Questi due scrittori hanno realizzato una intera collana di opere nei dialetti istro- veneti, detta Le Maldobrìe. Il nome deriva proprio dal modo di dire croato "malo dobro", con il doppio significato sia di una cosa fatta in modo approssimativo (la traduzione letterale è"poco bene, così così") che di una bravata. E mai nome fu più azzeccato, visto che l'intera collana si ispira alla rievocazione dei fasti dell'epoca asburgica, in cui tutta la zona giulio- dalmata veniva governata con il pugno di ferro.
Proprio per farvi capire al meglio lo humor degli autori, questa sera vi presento il terzo romanzo della serie, che riporta il titolo emblematico di "L'Austria era un paese ordinato".
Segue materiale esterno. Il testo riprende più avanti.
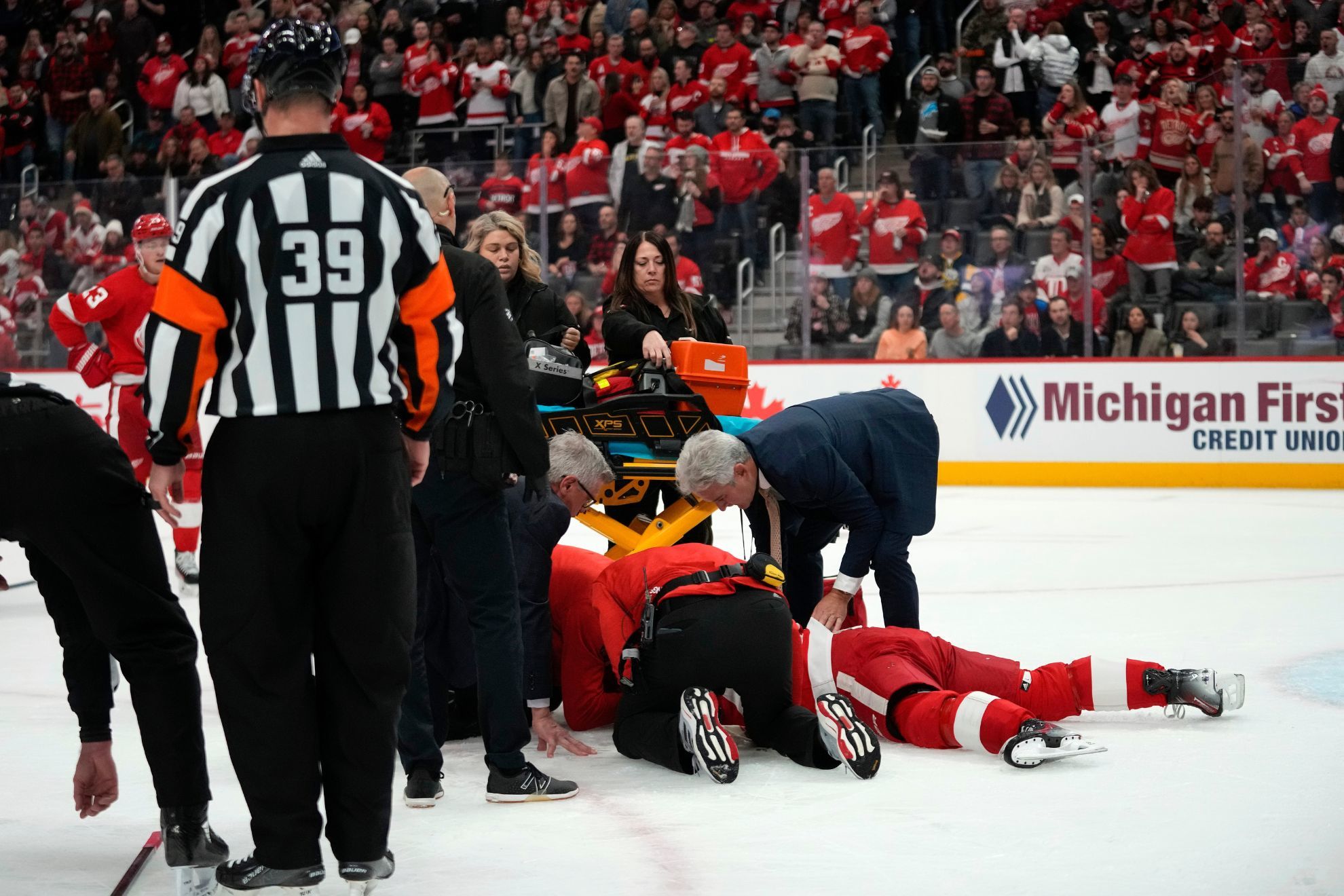 Red Wings Dylan Larkin knocked unconscious after hit to back of head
Una piccola avvertenza, proprio per rendere il più genuinamente possibile i personaggi, sia questo romanzo che tutti gli altri sono scritti in dialetto. Quindi, nel caso siate poco pratici, armatevi di google, anche se vi assicuro che dopo le prime pagine, avrete già acquisito una certa dimestichezza con una delle parlate più accattivanti che ci siano in Italia.
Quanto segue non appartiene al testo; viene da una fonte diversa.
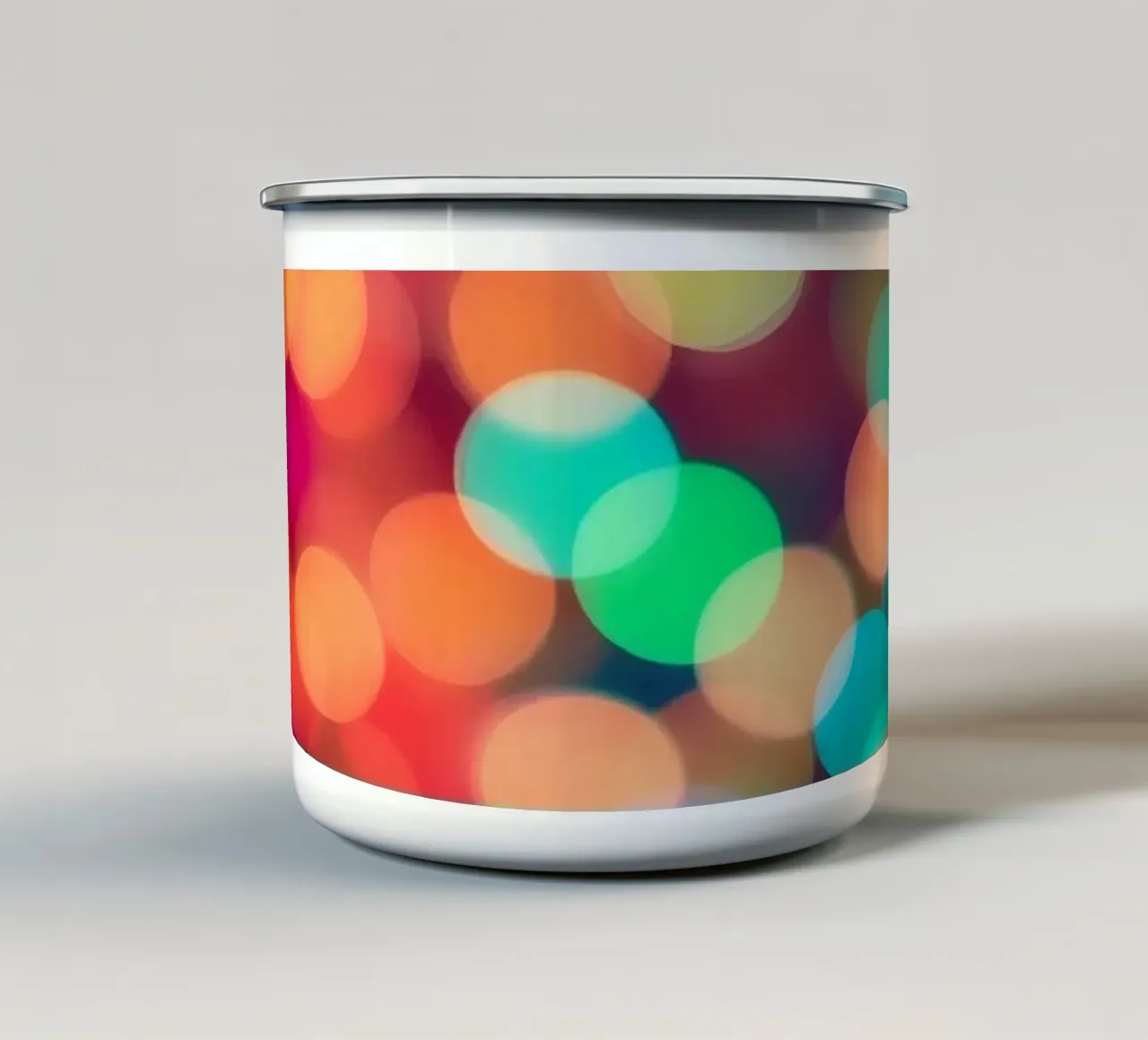 Lebendige abstrakte Bokeh Hintergrund unscharf Wirkung Emaille Tasse von DesignDoodle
Ora vi lascio alla scheda del libro, vi ricordo che, in caso vogliate partecipare alla rubrica e fare voi una segnalazione, basta lasciare un commento al post oppure mandare una mail a illibrodelgiovedi@gmail.com. Il vostro consiglio sarà pubblicato in questo spazio dedicato. A presto e buona lettura!

Titolo: L' Austria era un paese ordinato
Autori: Lino Carpinteri, Mariano Faraguna
Editore: Mgs Press
Collana: Le maldobrie
ISBN: 8886424302
ISBN-13: 9788886424301
Pagine: 256

Sinossi:
Intorno agli anni '60, un ragazzo in vacanza estiva sulla costa adriatica orientale scopre una casa isolata in riva al mare. Sembra disabitata: gli strati d'intonaco si sfaldano uno sull'altro rivelando colori di origine sempre più antica, come i cerchi di corteccia negli alberi. Ma questa casa è un "ospizio per gente di mare", l'ultimo di tutta la costa, e vi abitano dei vecchi dolci e un pò matti. Uno di essi si chiama Bortolo e ha il dono di narrare. Lo fa con il talento naturale e irrefrenabile di un piccolo Omero domestico. E infatti nelle sue storie confluisce e rivive tutta la tradizione orale di un mondo ormai dissolto per sempre: quelle Vecchie Province asburgiche che comprendevano la parte orientale dell'Adriatico e il cui centro era Trieste, il porto del grande impero, primo fra tutti nel Mediterraneo. Era un mondo che intorno al mitico regno di Francesco Giuseppe aveva intessuto una fitta trama di racconti, sempre in bilico tra il documento cronachistico e la favola gonfia di meraviglia, tra l'ironia e il malinconico rimpianto per una civiltà che stava scegliendo il suicidio della prima guerra mondiale. E' il mito asburgico visto alla rovescia, con gli occhi ingenui dei piccoli uomini che vi si erano trovati in mezzo e che mai per un momento avevano avuto il sospetto di vivere "la Storia". Ecco allora che, attraverso le vicende intrecciate da Bortolo, viene lentamente a comporsi un microcosmo nel quale ci muoviamo sempre più a nostro agio. Ne fanno parte bizzarri comandanti di navi, marittimi burloni e baruffanti, armatori commercianti dalle leggendarie avarizie, pescatori, contadini. Ma, naturalmente, e soprattutto, "loro", i Grandi della famiglia imperiale, che di continuo appaiono come "superstar" a partecipazione straordinaria, viste però sempre tra le quinte, quando si dimenticano di mettersi in posa e conversano amabilmente con il macchinista o l'ultima delle comparse.